I asked my English master this in 1964. It turned out that he was quite a famous philosopher. He turned it into, What do philosphers do, when they think? This plagued him so much that he then had prolonged discussions with other  philosphers in order to supply an answer. The answer was not short by the way.

Clearly anyone who thinks may not be a philosopher. A theoretical physicist thinks, but no-one would really say what he writes about is philosophy.

A school boy suggested that philosophy is thinking about thinking. Short and snappy, and also self-referential for those who like mathematical logic.

A jesuit suggested that theology is philosophy with added divine revelation. I would regard that definition as jesuitical.

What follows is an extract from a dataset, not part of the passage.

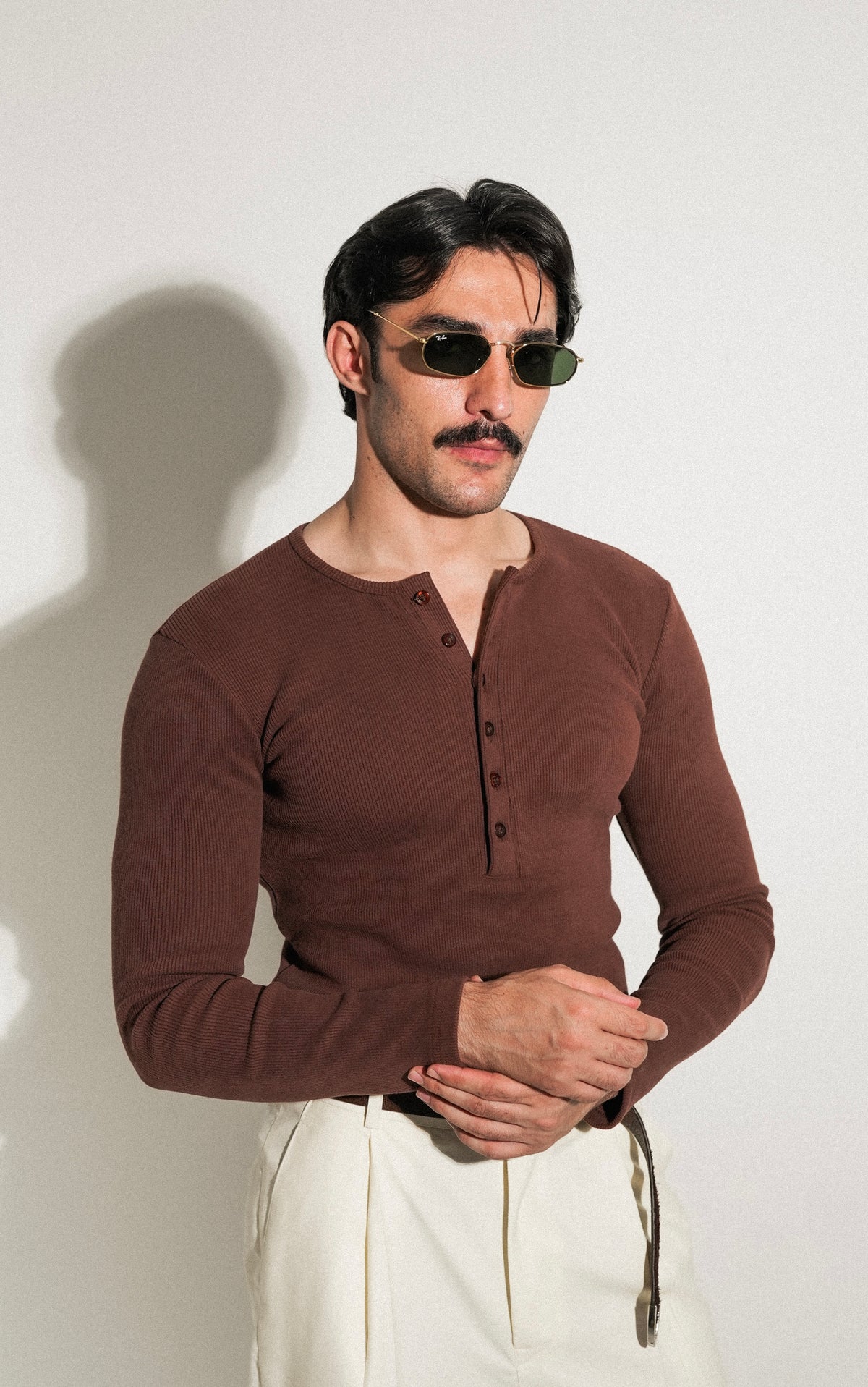Coffee Fitted Long Sleeve Ribbed Henley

Socrates by the way was charged with corrupting youth, on which he was found guilty and condemned to drink hemlock

So Plato says. Socrates was Plato's imaginary friend. He was able to blame all that sort of thing on Socrates. "I", says Plato, "Could never have anything but a Platonic relationship by definition". Everything that he thought came from "Socrates". Shopping girl (there's a tautology!!!) why restrict it to Greeks?. Check out Descartes - "I think therefore I am" was fairly radical in it's day. Kant (German) was a clever chap too, for his day - he said why do only one or the other - do both! (think and measure, that is). Both of them went off the rails a bit, though, when they came up with their 'proofs' of God's existence.